Tuesday, August 06, 2002

By Frank Reeves, Post-Gazette Staff Writer

US Airways Express pilots, upset about mainline pilots possibly taking their jobs, plan to picket their union's offices in Washington, D.C., today.

The demonstration is the latest indication of a simmering dispute between pilots who fly turboprops and small jets for Allegheny, PSA and Piedmont airlines -- three wholly owned US Airways subsidiaries, which operate as US Airways Express -- and the carrier's mainline pilots. The groups are represented by separate units of the Air Line Pilots Association.

At issue are provisions in a tentative agreement between US Airways and its unionized mainline pilots that would allow the airline to expand the number of regional jets it can deploy from 70 to 465. US Airways has long insisted that it must have the authority to deploy hundreds of small jets if it's to meet growing competition from Continental and Delta.

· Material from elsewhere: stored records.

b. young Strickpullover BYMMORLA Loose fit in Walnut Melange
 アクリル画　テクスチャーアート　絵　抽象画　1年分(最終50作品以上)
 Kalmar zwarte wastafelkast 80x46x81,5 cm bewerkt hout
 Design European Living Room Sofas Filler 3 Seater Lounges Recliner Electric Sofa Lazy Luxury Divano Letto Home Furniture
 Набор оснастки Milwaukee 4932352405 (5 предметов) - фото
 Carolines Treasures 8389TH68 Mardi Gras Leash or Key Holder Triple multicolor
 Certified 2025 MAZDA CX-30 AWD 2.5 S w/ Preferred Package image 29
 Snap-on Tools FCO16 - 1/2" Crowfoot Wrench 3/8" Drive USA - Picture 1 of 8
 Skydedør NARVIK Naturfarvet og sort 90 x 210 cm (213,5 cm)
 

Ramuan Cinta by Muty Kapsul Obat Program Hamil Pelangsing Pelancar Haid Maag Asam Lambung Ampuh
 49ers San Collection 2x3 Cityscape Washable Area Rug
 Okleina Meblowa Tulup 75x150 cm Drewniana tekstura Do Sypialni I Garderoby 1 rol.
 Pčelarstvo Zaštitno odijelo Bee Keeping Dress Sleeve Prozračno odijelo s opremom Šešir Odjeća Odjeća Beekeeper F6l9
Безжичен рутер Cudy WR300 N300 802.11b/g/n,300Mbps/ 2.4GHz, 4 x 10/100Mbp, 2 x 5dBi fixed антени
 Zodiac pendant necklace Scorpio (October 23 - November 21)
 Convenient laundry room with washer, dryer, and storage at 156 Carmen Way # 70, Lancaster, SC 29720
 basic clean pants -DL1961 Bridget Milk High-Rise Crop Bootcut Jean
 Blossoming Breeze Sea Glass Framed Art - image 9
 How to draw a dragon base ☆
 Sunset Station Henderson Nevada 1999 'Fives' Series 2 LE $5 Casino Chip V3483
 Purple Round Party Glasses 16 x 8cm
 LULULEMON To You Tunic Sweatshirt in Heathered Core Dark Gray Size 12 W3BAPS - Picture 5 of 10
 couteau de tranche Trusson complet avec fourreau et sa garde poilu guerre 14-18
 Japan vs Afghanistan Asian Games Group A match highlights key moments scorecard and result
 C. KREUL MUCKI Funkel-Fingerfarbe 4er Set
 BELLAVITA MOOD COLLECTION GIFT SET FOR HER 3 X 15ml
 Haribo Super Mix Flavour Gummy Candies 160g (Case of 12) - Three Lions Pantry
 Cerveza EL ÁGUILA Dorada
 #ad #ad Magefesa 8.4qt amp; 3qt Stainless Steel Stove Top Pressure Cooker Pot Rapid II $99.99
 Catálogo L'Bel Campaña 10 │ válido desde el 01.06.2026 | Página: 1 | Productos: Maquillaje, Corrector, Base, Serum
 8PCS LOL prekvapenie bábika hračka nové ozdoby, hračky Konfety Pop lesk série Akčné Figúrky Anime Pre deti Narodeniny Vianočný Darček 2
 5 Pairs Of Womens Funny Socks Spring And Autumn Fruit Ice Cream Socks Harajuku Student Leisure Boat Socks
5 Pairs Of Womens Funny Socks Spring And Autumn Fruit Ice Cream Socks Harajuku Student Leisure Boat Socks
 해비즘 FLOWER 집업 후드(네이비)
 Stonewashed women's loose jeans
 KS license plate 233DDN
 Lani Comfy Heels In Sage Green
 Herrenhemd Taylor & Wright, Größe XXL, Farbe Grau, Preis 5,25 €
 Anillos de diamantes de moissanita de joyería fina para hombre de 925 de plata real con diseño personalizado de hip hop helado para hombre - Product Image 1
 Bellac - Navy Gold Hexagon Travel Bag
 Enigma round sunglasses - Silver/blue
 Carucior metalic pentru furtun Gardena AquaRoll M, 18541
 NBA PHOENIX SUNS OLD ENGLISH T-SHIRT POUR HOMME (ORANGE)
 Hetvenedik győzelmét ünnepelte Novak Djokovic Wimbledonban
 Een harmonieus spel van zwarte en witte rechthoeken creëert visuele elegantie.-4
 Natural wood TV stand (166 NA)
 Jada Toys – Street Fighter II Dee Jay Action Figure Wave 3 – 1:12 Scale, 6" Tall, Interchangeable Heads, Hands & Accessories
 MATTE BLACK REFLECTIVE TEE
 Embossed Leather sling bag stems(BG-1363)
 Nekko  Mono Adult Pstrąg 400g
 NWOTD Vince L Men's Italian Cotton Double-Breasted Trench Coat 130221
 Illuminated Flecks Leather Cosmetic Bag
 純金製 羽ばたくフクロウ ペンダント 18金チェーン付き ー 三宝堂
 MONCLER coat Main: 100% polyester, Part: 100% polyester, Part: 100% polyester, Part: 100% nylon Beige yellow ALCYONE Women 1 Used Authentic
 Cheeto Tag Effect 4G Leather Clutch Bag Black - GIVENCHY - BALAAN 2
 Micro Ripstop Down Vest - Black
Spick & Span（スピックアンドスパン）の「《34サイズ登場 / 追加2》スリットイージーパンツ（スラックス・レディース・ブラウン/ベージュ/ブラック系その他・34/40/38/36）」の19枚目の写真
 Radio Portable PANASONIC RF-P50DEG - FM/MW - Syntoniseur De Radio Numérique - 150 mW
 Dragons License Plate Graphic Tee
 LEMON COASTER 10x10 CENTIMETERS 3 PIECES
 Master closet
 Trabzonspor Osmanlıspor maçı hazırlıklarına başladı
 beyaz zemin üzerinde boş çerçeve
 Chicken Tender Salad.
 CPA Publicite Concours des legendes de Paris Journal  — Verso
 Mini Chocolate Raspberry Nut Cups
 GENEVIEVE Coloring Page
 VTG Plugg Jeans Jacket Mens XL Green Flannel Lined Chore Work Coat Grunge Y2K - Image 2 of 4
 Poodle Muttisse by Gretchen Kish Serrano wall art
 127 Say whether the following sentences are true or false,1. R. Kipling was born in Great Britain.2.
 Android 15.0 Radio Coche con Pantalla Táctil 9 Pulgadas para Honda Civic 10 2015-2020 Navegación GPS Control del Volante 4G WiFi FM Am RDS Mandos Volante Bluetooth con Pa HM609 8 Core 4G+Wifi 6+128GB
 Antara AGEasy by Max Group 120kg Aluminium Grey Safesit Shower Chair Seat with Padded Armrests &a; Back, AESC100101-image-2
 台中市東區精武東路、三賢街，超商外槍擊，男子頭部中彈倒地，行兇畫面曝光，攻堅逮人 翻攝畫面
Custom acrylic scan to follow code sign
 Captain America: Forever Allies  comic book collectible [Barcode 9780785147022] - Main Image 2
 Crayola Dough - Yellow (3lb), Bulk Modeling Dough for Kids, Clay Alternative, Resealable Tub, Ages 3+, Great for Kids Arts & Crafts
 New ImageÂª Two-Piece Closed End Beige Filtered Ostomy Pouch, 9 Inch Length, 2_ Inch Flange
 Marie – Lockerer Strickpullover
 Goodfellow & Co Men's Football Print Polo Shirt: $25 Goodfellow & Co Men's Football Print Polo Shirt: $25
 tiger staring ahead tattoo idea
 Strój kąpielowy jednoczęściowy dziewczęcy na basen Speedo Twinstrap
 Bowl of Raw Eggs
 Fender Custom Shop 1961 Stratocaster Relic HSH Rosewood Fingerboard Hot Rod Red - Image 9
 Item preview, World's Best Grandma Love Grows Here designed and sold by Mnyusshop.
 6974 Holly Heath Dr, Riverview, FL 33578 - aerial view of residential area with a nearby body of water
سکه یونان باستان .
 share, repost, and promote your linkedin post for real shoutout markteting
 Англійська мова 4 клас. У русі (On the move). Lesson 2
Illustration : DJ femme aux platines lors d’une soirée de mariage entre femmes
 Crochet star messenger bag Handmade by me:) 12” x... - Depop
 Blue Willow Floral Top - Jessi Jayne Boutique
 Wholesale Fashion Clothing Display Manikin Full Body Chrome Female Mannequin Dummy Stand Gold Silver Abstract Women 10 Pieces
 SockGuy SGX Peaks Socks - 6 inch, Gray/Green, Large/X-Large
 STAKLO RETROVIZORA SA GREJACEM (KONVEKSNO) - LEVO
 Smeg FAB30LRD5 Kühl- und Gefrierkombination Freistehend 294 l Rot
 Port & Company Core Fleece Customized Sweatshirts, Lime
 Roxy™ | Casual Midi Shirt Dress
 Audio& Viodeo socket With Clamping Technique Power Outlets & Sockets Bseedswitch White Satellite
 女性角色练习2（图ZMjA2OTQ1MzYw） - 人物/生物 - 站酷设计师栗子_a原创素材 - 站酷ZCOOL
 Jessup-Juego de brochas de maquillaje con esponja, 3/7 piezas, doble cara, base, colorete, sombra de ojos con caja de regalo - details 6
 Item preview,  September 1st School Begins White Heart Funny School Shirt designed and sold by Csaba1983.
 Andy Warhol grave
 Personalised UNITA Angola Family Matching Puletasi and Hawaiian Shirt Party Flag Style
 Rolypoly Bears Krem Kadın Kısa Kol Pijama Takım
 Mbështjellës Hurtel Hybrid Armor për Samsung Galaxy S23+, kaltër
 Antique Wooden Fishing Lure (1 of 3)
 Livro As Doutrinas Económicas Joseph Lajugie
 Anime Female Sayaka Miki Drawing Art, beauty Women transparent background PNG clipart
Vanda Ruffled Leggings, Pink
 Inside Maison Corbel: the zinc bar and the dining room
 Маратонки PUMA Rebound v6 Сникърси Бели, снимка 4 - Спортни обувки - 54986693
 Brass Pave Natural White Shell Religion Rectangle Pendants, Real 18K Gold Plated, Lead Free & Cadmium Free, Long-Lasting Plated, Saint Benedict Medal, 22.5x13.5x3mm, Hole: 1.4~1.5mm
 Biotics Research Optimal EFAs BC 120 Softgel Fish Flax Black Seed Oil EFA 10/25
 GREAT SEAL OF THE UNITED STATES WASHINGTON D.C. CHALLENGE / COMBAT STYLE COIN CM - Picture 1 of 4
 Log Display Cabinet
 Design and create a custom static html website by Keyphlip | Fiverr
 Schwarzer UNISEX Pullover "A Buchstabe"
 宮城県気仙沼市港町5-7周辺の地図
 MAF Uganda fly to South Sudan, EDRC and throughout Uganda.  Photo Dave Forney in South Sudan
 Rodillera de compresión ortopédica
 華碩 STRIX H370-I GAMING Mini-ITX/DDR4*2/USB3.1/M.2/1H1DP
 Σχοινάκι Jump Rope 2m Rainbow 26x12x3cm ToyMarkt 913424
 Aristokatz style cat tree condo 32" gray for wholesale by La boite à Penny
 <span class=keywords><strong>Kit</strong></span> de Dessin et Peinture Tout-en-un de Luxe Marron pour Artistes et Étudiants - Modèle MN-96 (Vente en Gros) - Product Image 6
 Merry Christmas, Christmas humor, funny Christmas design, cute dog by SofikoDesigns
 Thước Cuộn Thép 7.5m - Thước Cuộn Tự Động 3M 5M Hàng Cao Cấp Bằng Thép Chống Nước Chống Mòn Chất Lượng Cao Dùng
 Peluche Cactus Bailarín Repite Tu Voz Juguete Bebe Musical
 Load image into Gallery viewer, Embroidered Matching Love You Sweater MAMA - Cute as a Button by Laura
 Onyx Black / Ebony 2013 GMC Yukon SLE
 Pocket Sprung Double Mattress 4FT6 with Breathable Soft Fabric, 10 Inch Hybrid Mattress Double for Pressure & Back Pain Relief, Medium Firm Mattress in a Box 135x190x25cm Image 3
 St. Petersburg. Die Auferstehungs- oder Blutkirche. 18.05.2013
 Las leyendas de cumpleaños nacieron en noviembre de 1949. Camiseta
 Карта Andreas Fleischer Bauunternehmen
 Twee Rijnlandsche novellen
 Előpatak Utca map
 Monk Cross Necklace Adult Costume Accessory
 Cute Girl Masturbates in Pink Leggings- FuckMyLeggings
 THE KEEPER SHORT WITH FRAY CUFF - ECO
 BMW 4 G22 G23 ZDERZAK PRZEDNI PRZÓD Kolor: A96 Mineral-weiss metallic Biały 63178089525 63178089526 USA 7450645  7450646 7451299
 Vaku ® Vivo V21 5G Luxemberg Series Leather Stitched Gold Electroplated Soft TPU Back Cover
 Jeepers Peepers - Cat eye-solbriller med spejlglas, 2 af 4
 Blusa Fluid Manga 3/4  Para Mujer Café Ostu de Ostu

But the carrier has been limited on the number of regional jets it can deploy by its contract with its mainline pilots.

In the past, the pilots union has opposed increasing the number of regional jets, fearing that it could result in the airline displacing mainline jets with smaller, regional jets. Pilots who operate mainline jets are paid more than their counterparts who fly the smaller aircraft.

Under the tentative agreement, some of the newly allowed regional jets are expected to be deployed by US Airways' existing wholly owned subsidiaries, while the bulk of the new planes are expected to be deployed by MidAtlantic Airways, a fourth wholly owned subsidiary US Airways established in May.

In exchange for permitting the Arlington, Va.-based carrier to increase the number of regional jets, the company agreed to the union's demand that at least half of the new pilot jobs at Allegheny, PSA and Piedmont would go to mainline pilots furloughed as a result of the plunge in air traffic since Sept. 11.

In addition, all of the new pilot slots at MidAtlantic would go to furloughed mainline pilots, until jobs opened up on the mainline fleet.

Patrick Flannery, a nine-year veteran pilot with Allegheny, said the so-called "jets for jobs" program was unfair. He said it would allow mainline pilots not only to take jobs from US Express pilots but also to supersede regional airline pilots in seniority.

Flannery, one of the organizers of the demonstration, said the jets for jobs provision was unfair to the pilots Allegheny and the other subsidiaries have furloughed since Sept. 11. At Allegheny, for example, about 60 of the airline's 400 pilots have been laid off, Flannery said.

Roy Freundlich, spokesman for ALPA's US Airways' local, said that while he understood the concerns of the US Airways Express pilots, there would be no additional regional jet jobs if the mainline pilots had not agreed to let the company deploy more of the smaller jets.

US Airways has sought about $985 million in annual cost savings from its employees as part of its restructuring plan. It has said it is crucial to obtaining $900 million in federal loan guarantees that it must have to survive.

Last month, the mainline pilots agreed to about $465 million in annual wage and benefit cuts. A key provision of the pact is the "jobs for jets" program.

This week US Airways unionized mainline pilots are voting on the tentative agreement. The results are expected to be known on Friday.